» **DATASET EXCERPTS**:

******

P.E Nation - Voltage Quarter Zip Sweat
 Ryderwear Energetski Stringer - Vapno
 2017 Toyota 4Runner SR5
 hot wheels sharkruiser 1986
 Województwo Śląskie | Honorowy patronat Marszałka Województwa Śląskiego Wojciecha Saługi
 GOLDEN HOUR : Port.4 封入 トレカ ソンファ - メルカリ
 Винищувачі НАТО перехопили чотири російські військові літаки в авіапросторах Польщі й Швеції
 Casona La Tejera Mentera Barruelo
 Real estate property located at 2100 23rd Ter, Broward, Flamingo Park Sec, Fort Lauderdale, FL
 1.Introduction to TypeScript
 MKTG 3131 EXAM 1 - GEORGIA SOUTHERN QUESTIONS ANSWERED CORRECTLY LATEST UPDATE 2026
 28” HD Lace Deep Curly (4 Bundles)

******

» **ASSIGNMENT**:
Take the entries above and copy them exactly from the first line through the line with "1.Introduction to TypeScript"; leave out every line after it.

» **TASK OUTPUT**:
P.E Nation - Voltage Quarter Zip Sweat
 Ryderwear Energetski Stringer - Vapno
 2017 Toyota 4Runner SR5
 hot wheels sharkruiser 1986
 Województwo Śląskie | Honorowy patronat Marszałka Województwa Śląskiego Wojciecha Saługi
 GOLDEN HOUR : Port.4 封入 トレカ ソンファ - メルカリ
 Винищувачі НАТО перехопили чотири російські військові літаки в авіапросторах Польщі й Швеції
 Casona La Tejera Mentera Barruelo
 Real estate property located at 2100 23rd Ter, Broward, Flamingo Park Sec, Fort Lauderdale, FL
 1.Introduction to TypeScript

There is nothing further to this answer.